Here, six of plaintiff's claims are predicated on her allegations that defendants failed to transfer ownership of her loan properly, such that the " true" holders of interest have been prevented from exercising their rights. These causes of actions are: (1) fraud and deceit, (2) cancellation of instruments, (3) unjust enrichment, (4) accounting, (5) slander of title, and (6) violations of UCL. ( See generally, PFAC at 12-24.) Plaintiff, a third-party to the allegedly improper transfers at issue, alleges that she has been harmed by loss of property, interruption in enjoyment of the property, increased loan amount, wrongfully paid mortgage payments, and damaged credit. (Id. ¶ ¶ 97, 102, 112, 133, 150, 162, 179.) Because these claims all stem from the same factual theory and fail for the same reasons, the Court consolidates these issues into a single discussion.

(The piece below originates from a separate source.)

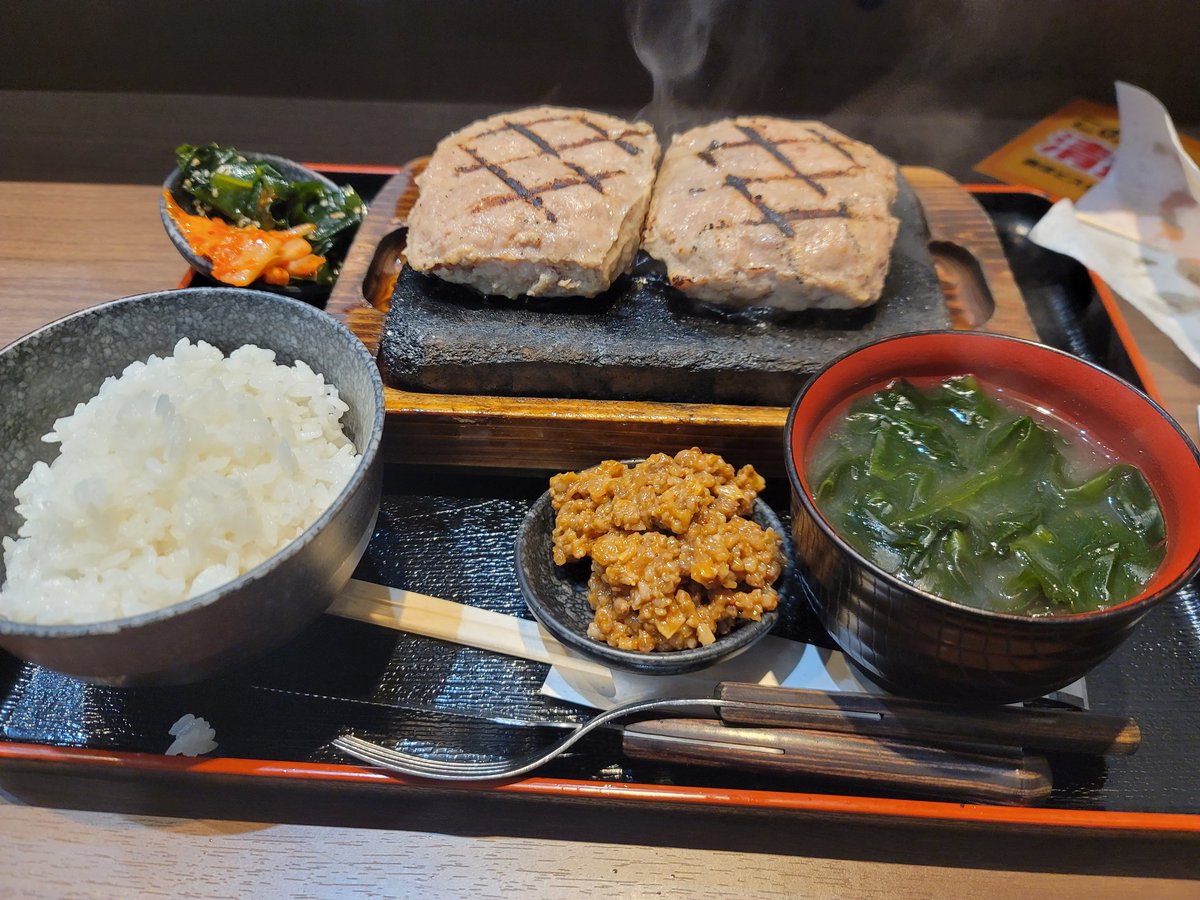 ひろ兄@wheeeの悪魔 (@hiro_jzx90) / Posts / X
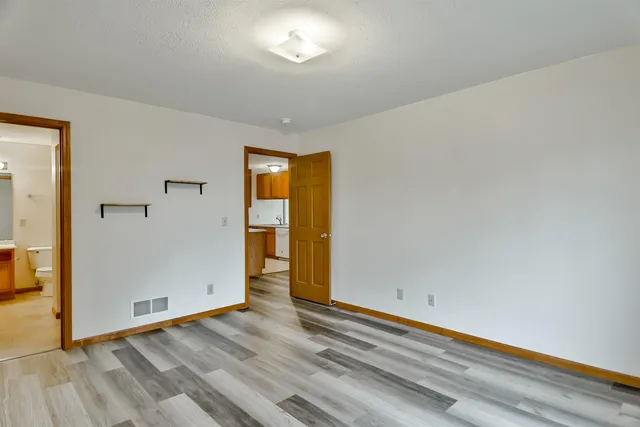 $144,900 | 13000 Primrose Place, Unit A, Poplar Grove, IL 61065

1. Lack of Injury for Defective Assignment

As a borrower, plaintiff lacks standing to challenge the transfers of interest in her loan between a transferor and transferee. " Third-party borrowers lack standing to assert problems in the assignment of the loan" because the borrowers have not suffered an injury in fact. Flores v. GMAC Mortg., LLC, Case No. 12-cv-00794 SI, 2013 WL 2049388, at *3 (N.D. Cal. May 14, 2013); see also, Jenkins v. JP Morgan Bank, N.A., 216 Cal.App.4th 497, 513-14, 156 Cal.Rptr.3d 912 (2013); Fontenot v. Wells Fargo Bank, N.A., 198 Cal.App.4th 256, 272, 129 Cal.Rptr.3d 467 (2011). Essentially, " an impropriety in the transfer of a promissory note would [] affect only the parties to the transaction, not the borrower." Yvanova v. New Century Mortg. Corp., 226 Cal.App.4th 495, 172 Cal.Rptr.3d 104, 109 (2014) ( cert. granted ).[4] " [T]he relevant parties to such a transaction were the holders (transferors) of the promissory note [or other interest] and the third party acquirers (transferees) of the note [or other interest], " not borrowers such as plaintiff. Id. (citing Jenkins, 216 Cal.App.4th at 515.)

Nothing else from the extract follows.